EXERCISE DIRECTIONS —
Repeat everything in the data exactly except images.

DATA —
.....

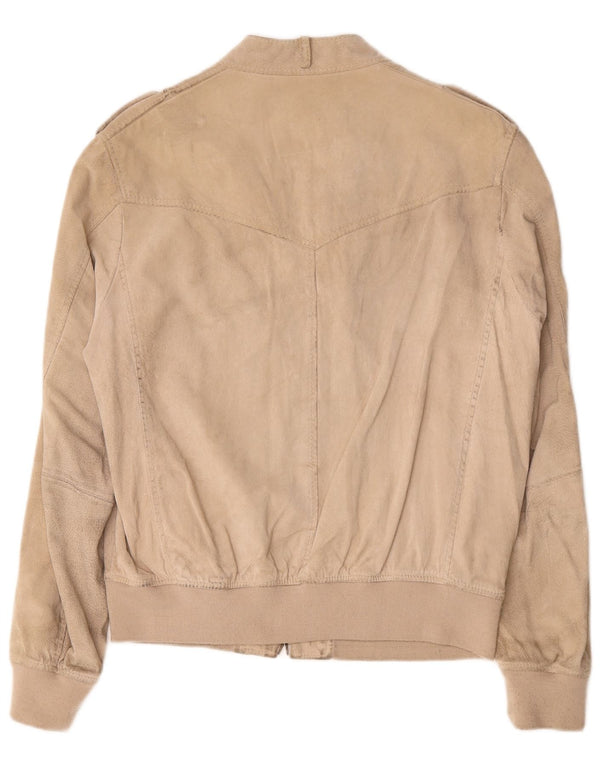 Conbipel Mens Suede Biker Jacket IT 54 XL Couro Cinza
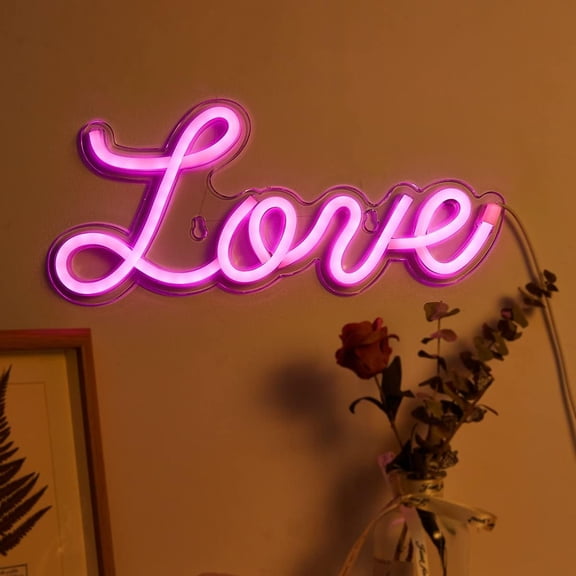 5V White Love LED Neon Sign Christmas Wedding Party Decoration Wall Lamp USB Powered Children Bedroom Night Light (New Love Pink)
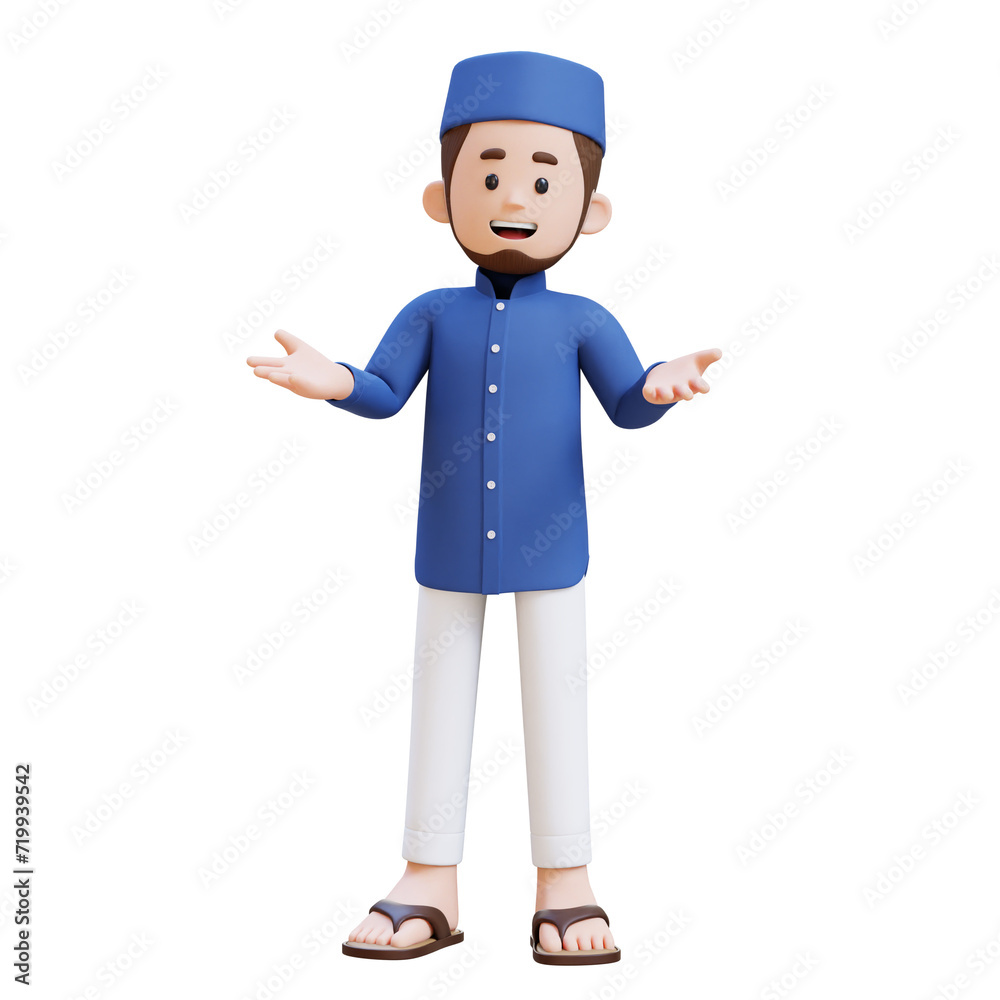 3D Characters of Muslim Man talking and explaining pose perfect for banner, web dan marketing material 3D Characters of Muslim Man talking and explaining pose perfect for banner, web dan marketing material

.....

THE COMPLETED TASK —
 Conbipel Mens Suede Biker Jacket IT 54 XL Couro Cinza
 5V White Love LED Neon Sign Christmas Wedding Party Decoration Wall Lamp USB Powered Children Bedroom Night Light (New Love Pink)
 3D Characters of Muslim Man talking and explaining pose perfect for banner, web dan marketing material 3D Characters of Muslim Man talking and explaining pose perfect for banner, web dan marketing material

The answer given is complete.